Итак, мы живем внутри живой – по иным параметрам, но живой – «клетки» исполинского живого – опять же не по нашим масштабам – и разумного – по иным законам – существа, Универсума. Не Бога или Брахмы, как утверждали адепты многих эзотерических школ и учений. Микросущества. Как и любая клетка земного организма – аналогии вполне уместны, «клетка»-метавселенная имеет своеобразные «вакуоли», «ядра», «стенки» и тому подобное, но так как эта «клетка» намного сложнее, она способна передавать «нервные импульсы» – «мысли» Универсума. Это ее не основная, но важная функция.
Теперь представьте, что в Большой Вселенной живут другие суперсущества типа Универсума.
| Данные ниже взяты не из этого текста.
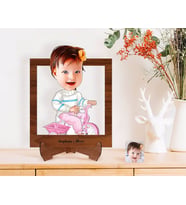 BK Gift Kişiye Özel Bebek Karikatürlü Ahşap Standlı 3D Biblo-4 (Beyaz)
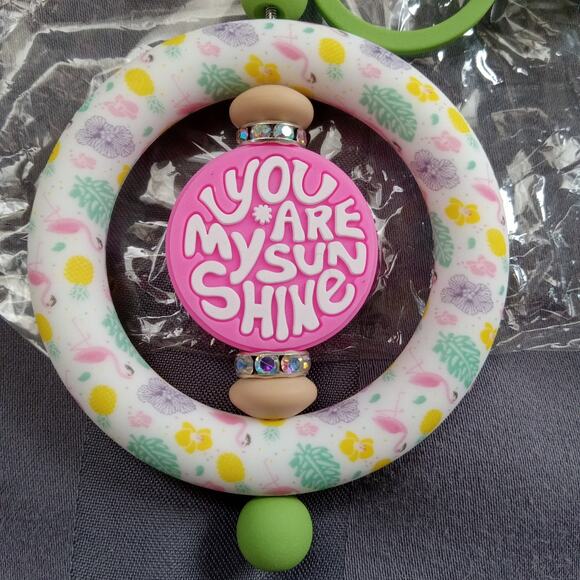 Beaded keychain - Picture 2 of 3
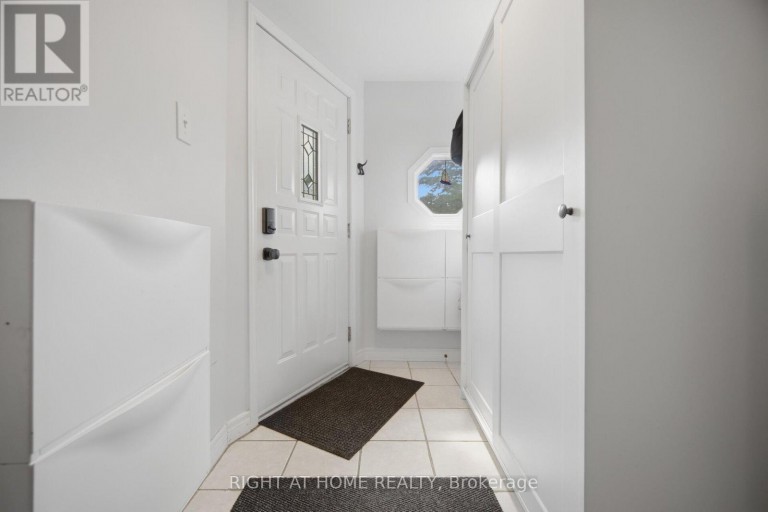 18 VANBRUGH AVENUE, Toronto (Birchcliffe-Cliffside), Ontario, M1N3S9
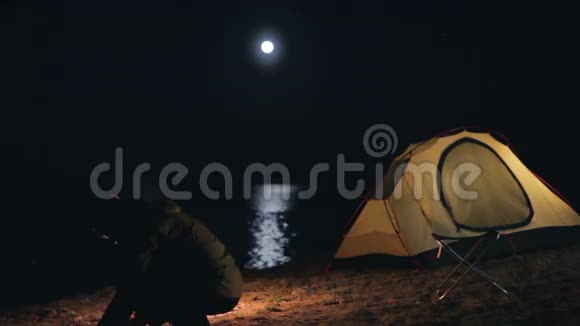 月亮升起在旅游帐篷上方视频的预览图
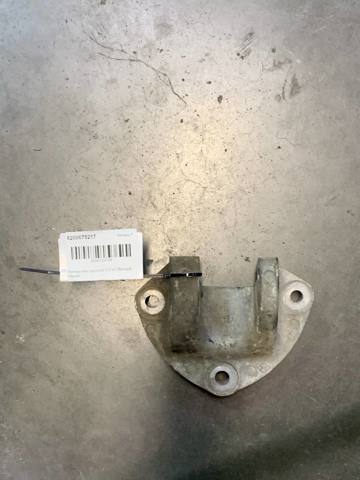 Кронштейн подушки (опори) двигуна, задньої 8200675217 RENAULT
Они не всегда ладят между собой, а может быть, просто играют, но их взаимодействие – назови его Войной, Игрой, Разговором или Наслаждением – всегда нарушает работу «клеток» взаимодействующего организма. Что для существ, населяющих «клетки»-метавселенные, зачастую превращается в трагедию, ведет к самым настоящим войнам на уничтожение».
«Как в нашем случае… Но тогда ФАГ – это действительно Игрок? Или «собеседник»? И живет он не в нашей вселенной, а за пределами тела Универсума?»
«ФАГ – это Миросущество Большой Вселенной со своим набором «клеток», законов, принципов и констант. С нашим Универсумом он, возможно, и не воюет, даже наверняка не воюет, просто «играет», но для нас с вами эта Игра оборачивается Войной со всеми вытекающими последствиями, и мы обязаны драться, чтобы выжить. Задачи спасти метавселенную никто перед нами не ставил, но, возможно, я знаю не все, и появление в домене нас, людей, запрограммировано как раз на этот случай. Да и что такое в принципе одна клетка для организма, состоящего из миллиардов клеток? Для человеческого тела потеря одной клетки вообще незаметна. Однако… – Тот понял, какое впечатление произвело на гостей его последнее заявление, и закончил: – Но, может быть, я не прав. Уверен я лишь в одном: человек – система, решающая определенную функциональную задачу космоса, но обладающая достаточной свободой воли».